Wrapped in paper or cloth, the pasty was a self-contained hearty meal complete with vegetables, meat and carbohydrates. These men worked long shifts underground. If the pasty was baked in the morning, thanks to the pastry crust, the filling inside could be kept warm for up to 10 hours.
As we discovered in our tour of the salt mines in Salzburg, getting down to the mines was quite the task and so going back above ground to get lunch would have been a serious waste of time and effort. Keep in mind also that miners were paid for the amount of ground they had broken. Dilly-dallying for lunch would seriously cut into their take-home pay.
In the 18th century, Cornish miners would have produced half the world’s tin supply. The work would have been long and gruelling but better paid than any other work they could have gotten at the time. It is said that 19 out of 20 of Cornwall’s men under 25 would have worked in a mine during the peak of the mining boom. After their shift at the mine (or clay pit) ended, the men would have gone to do a second shift as farm labourers.
12 Fun Facts About the Cornish Pasty
These are favourite fun Cornish pasty facts.
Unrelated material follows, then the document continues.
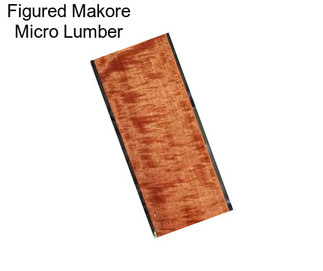 Figured Makore Micro Lumber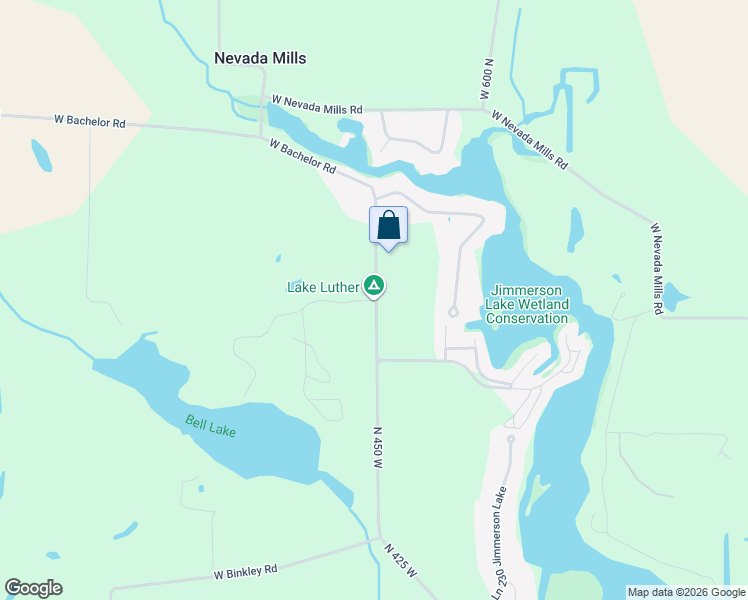 map of restaurants, bars, coffee shops, grocery stores, and more near 5215 North 450 West in Angola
- The oldest pasty recipe we have is from 1746. It is kept at the Country Records Office in Truro. The pasty though is a much older type of making food. In the Middle Ages, pasties (and meat pies) were the food of the aristocracy.
- There are 120 million Cornish pasties made every year.
- Since 2011, according to European Union regulations, a genuine Cornish pasty needs to have a minimum of 12.5% meat and 25% vegetables. Moreover, the pasty needs to be made in Cornwall.
- Using carrots in a Cornish pasty is considered heresy. The only sweetness allowed is from the swede! I thought this was a strange pasty fact! What do people have against carrots??
- Facts about Cornish pasties also verge into myth and legend. For example, a pasty may be an easy portable meal but don’t take a pasty on board a ship. It’s considered bad luck! This myth was probably started by the miners who didn’t want the fisherman to take their pasties.
- Some say the traditional Cornish pasty crust should be tough enough to drop down a deep mine shaft and not fall apart. Can you imagine how tough your teeth have to be to chew that?!
- The ‘oggie oggie oggie’ chant heard at rugby games came from the Cornish pasty. According to legend, pasty sellers would yell Oggie, Oggie Oggie at the top of the mine shaft and the miners would yell Oi Oi Oi back to signal they wanted a Cornish pasty thrown down at them.
- Oggie comes from the Cornish word ‘hoggans’ which were an early pasty filled with pork encased in barley bread.
- You can get a ‘rounder’ which is a round pastry filled with the same ingredients but bigger (and round!). You get rounders served for Sunday lunch or on special occasions in Cornwall.
- The largest Cornish pasty ever made was 32 feet long!
- Sometimes the Cornish miner’s wife would put his initials on his pasty so he could tell his pasty apart from that of a co-worker. Moreover, the miner may have left a bit of pasty for the magical sprites who lived in the mines who could be placated with bits of food. If he lefts some of the pasty with his initial on it, the sprites would know who not to trouble.
- The Cornish pasty emigrated worldwide along with Cornish immigrants. For example, pasties are popular in Michigan because they have made it to the mines in Michigan’s Upper Peninsula in the 1840’s. Thanks to EU regs though these pasties can not be called Cornish pasties because they are not made in Cornwall. I wonder if Brexit will affect the terminology – deregulation of the Cornish pasty could be coming soon.
Where To Buy Cornish Pasties
As I said, every little village in Cornwall seems to have home made (and delicious) Cornish pasties. I was really surprised because the one I had previously tried in London was nothing special.
There is a World Pasty Championship held every year at the Eden Project in Cornwall. Just when I thought Rick Stein had taken over all of Padstow, I found out that the Chough Bakery in Padstow is the current reigning champion. Within the United Kingdom, you can mail order their Cornish pasties to your home.